For the most part, this is the easiest thing to think about. Find yourself a teacher, and if you already have one, just keep doing what you are doing and chances are you will develop your physical talent in the Martial Arts. Depending on your reason for living, you will adapt your physical techniques to the way you see the world, and whether or not you think the world is a nice place or a dangerous one. But what if you want to go farther than that? What if you realize that this physical stuff only goes so far? (I mean, how many 80-year-olds do you see wiping the walls with 23-year-old UFC fighters?) What if you truly feel that the internal stuff that happens with your own mind and emotions matter? Or if you feel that your interactions with people are something you need to improve?
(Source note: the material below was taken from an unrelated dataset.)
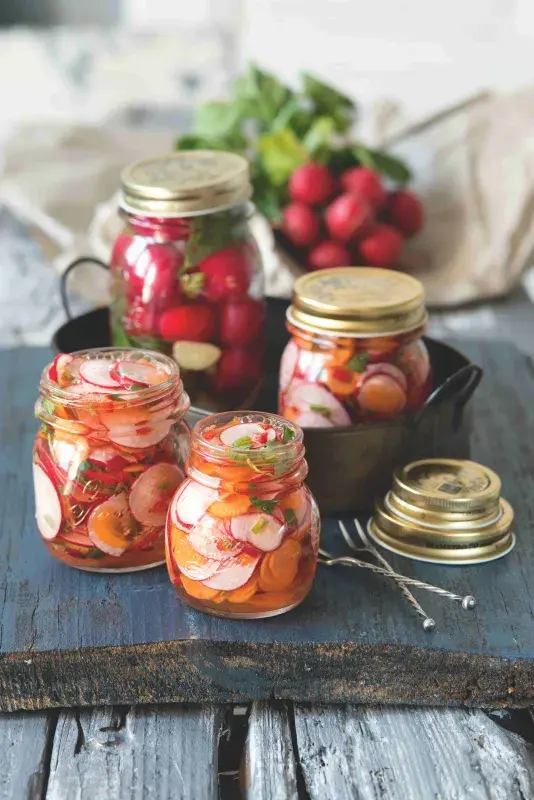 Nakládané ředkvičky narychlo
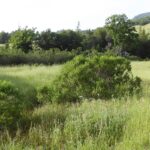 Baccharis pilularis - coyote bush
Then, you are ready to begin broadening your view, and it just so happens that The Physical aspects of Martial Arts are the perfect gateway to that road. After all, we go to class and we practice on our own by physically doing something. We move. We perform. We spar. The only difference between doing these things forever and getting nowhere in your life and doing these same things and finding yourself on a road to fulfillment and happiness is intention.

Intention is the key.

So here is the dirty little secret about the power of intention: If you have a persistent bad habit in Life, it's usually reflected by some bad habit you have in Martial Arts. Intention links these two things together, so if you fix one, you fix the other. By coming to the dojo and working hard on that technique or that bad habit in class, you are doing yourself a favor for the equivalent bad habit in Life. When you intend to fix that problem in class, and you do, you will find that the problem also clears up in Life *as long as you link the two together and intend to fix one by fixing the other*. This can be something as silly as correcting a stance, or much deeper.

The other day, I lost a sparring match pretty badly to a fighter with far less control, but also far less experience and skill. It was pretty brutal. Going over the loss in my head, I could see a lot that I did wrong, as far as techniques went. However, the real problem was the hit to my confidence and even my whole reason for teaching and practicing Martial Arts. I got stressed, and I criticized myself, and beat myself up over it for a bit. Nevertheless, even at my low point during that self-loathing session, I still held the intention to learn from the experience, to learn both about the techniques and Life. As I began to turn inward, I realized that this loss was a great lesson. It was not a lesson about winning or losing a fight at all, but more about my REACTION to winning and losing battles.... but not just winning and losing battles with others. It was about winning and losing battles with myself. I realized that this stress I felt from the interaction was exactly equivalent to (and caused by) my criticism of myself and my own fear of learning through confrontation.

The key realization is that sparring is resistance. When you spar, and you study how you react and work during sparring, you are gaining exact insights into how you resist Life, and what you do when Life resists you. My resistance to learning about what I did wrong was analogous to my tendency to resist resistance itself sometimes, and then to beat myself up (spar myself) over the fact that I did that. Cleaning this up, along with looking at the technical details of what I did wrong in that fight, will possibly improve my sparring.... which I actually do not care about as much. On the other hand, it will definitely improve my capacity as a teacher and as a fully humanized human being.

Therein we have an example of a lesson through The Physical perspective, which spanned into both The Social and The Personal. All three perspectives are One, and completely inseparable.